This R session will illustrate pairs trading or statistical arbitrage.
(Useful R links: Cookbook R, Quick-R, R documentation, CRAN, METACRAN.)
There is a very convenient package, egcm, that computes the Engle-Granger cointegration test and many other unit-root tests. In particular, given two series \(x(t)\) and \(y(t)\), it searches for parameters \(\alpha\), \(\beta\), and \(\rho\) such that
\[ y(t) = \alpha + \beta x(t) + r(t)\\ r(t) = \rho r(t-1) + \epsilon(t) \] where \(r(t)\) is the residual and \(\epsilon(t)\) the innovation. If \(|\rho|<1\), then \(x(t)\) and \(y(t)\) are cointegrated (i.e., \(r(t)\) doesn’t contain a unit root). Of course the difficulty is in assessing exactly how much smaller than 1 the value of \(|\rho|\) has to be; this is the task of the unit-root test. The package urca contains more general models for cointegration. Perhaps the most famous example of a unit-root test is the Augmented Dickey-Fuller (ADF) test, which considers as null hypothesis that a unit root is pressent and as alternative hypothesis that the series is stationary (so a small \(p\)-value means indication of strong stationarity).1
Another interesting quantity to measure mean-reversion is the half-life, defined as the time it takes for the spread to mean-revert half of its distance after having diverged from the mean of the spread.
We now use the package egcm to check the cointegration of several illustrative examples:
SPY and IVV are oth ETF’s that track the S&P 500 and obviously they are cointegrated:
SPY_prices <- Ad(getSymbols("SPY", from = "2013-01-01", to = "2013-12-31", auto.assign = FALSE))

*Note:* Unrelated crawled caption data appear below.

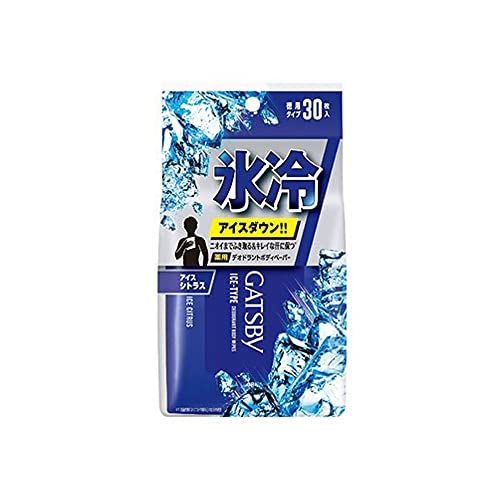 Mandom Gatsby Japon Lingettes déodorantes Corps pour hommes, Ice-Feel Agrumes de glace, 30 feuilles, idéal pour les voyages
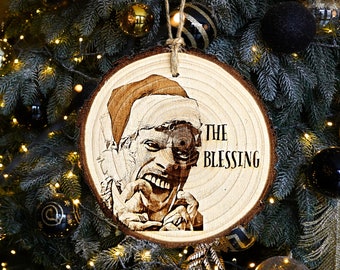 Funny 'The Bless-ing' Wood Slice Christmas Ornament, Gag Gift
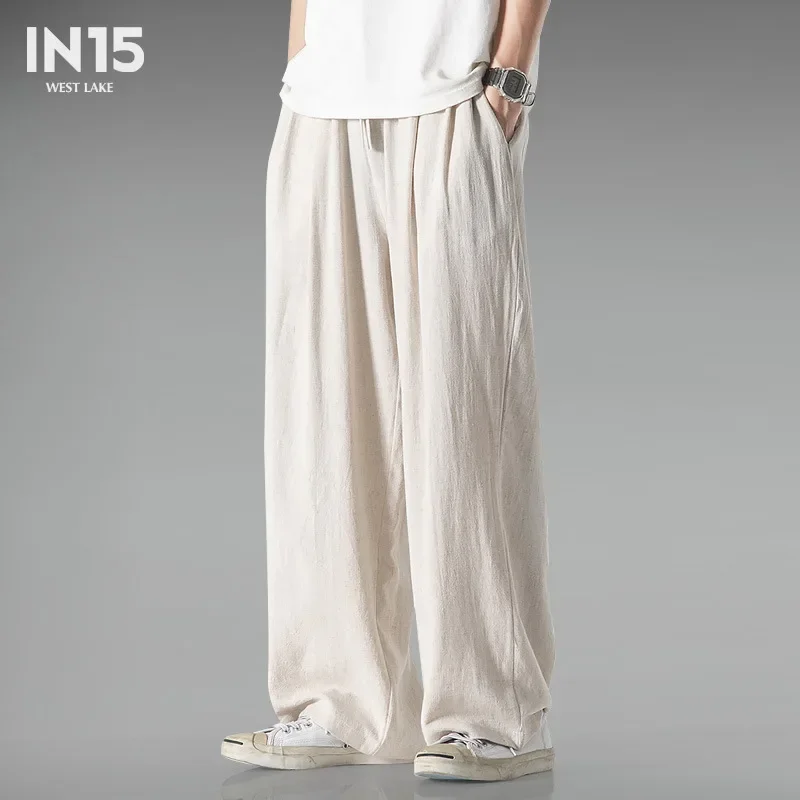 Comfortable Casual Cotton Linen Bell Bottoms Men's Loose-fit Thin Casual Pants Chinese Style Bell Pants Linen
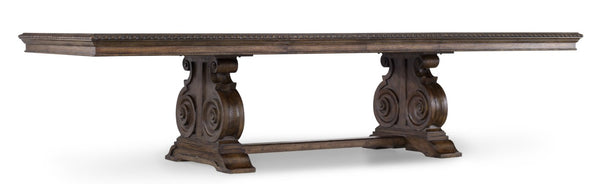 Hooker Furniture Rhapsody Grand Rectangle Dining Table With Scrolled Trestle Base, Reclaimed Walnut Rustic Finish, Seats 8–12 5070-75207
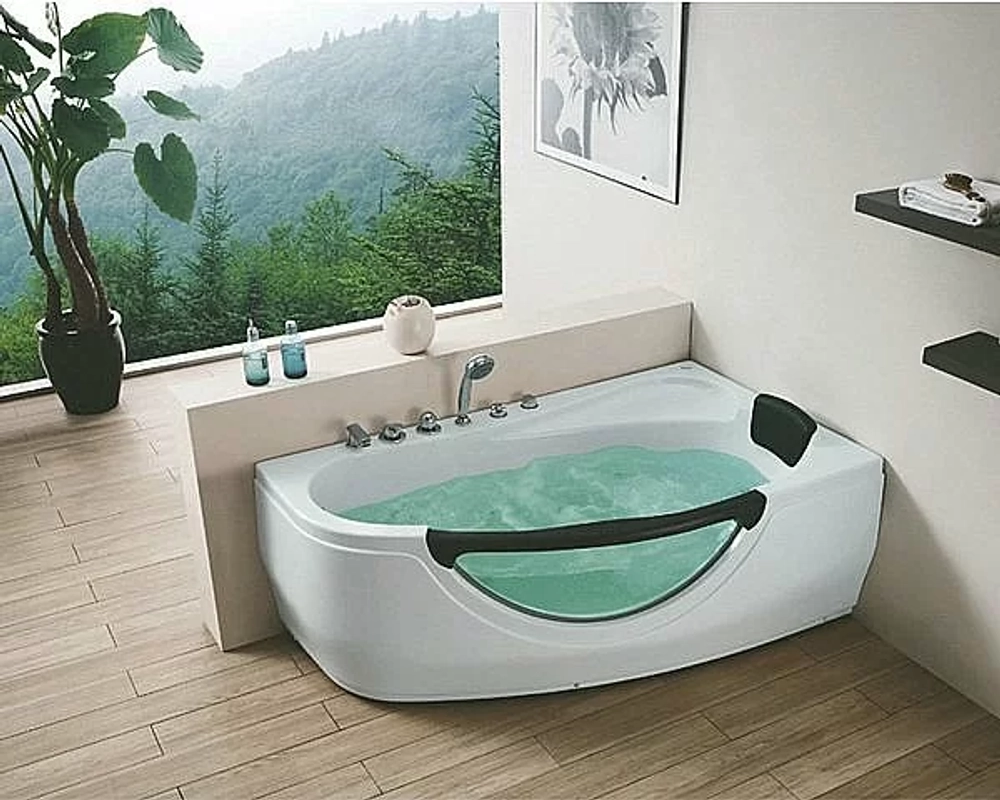 Ванна акриловая Gemy Glass Panel G9046-II B 171х100 белая с гидромассажем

IVV_prices <- Ad(getSymbols("IVV", from = "2013-01-01", to = "2013-12-31", auto.assign = FALSE))
plot(cbind(SPY_prices, IVV_prices), legend.loc = "topleft", main = "ETF prices")
res <- egcm(SPY_prices, IVV_prices)
summary(res)
#> IVV.Adjusted[i] = 1.0077 SPY.Adjusted[i] - 0.5419 + R[i], R[i] = 0.0139 R[i-1] + eps[i], eps ~ N(0, 0.0480^2)
#> (0.0003) (0.0529) (0.0624)
#>
#> R[2013-12-30] = -0.0281 (t = -0.577)
#>
#> Unit Root Tests of Residuals
#> Statistic p-value
#> Augmented Dickey Fuller (ADF) -6.042 0.00010
#> Phillips-Perron (PP) -261.890 0.00010
#> Pantula, Gonzales-Farias and Fuller (PGFF) 0.007 0.00010
#> Elliott, Rothenberg and Stock DF-GLS (ERSD) -1.259 0.45122
#> Johansen's Trace Test (JOT) -103.605 0.00010
#> Schmidt and Phillips Rho (SPR) -172.446 0.00010
#>
#> Variances
#> SD(diff(SPY.Adjusted)) = 1.004723
#> SD(diff(IVV.Adjusted)) = 1.011531
#> SD(diff(residuals)) = 0.068125
#> SD(residuals) = 0.048626
#> SD(innovations) = 0.047976
#>
#> Half life = 0.162012
#> R[last] = -0.028071 (t=-0.58)
plot(res)
GLD and IAU both track the price of gold and they are cointegrated:
GLD_prices <- Ad(getSymbols("GLD", from = "2013-01-01", to = "2013-12-31", auto.assign = FALSE))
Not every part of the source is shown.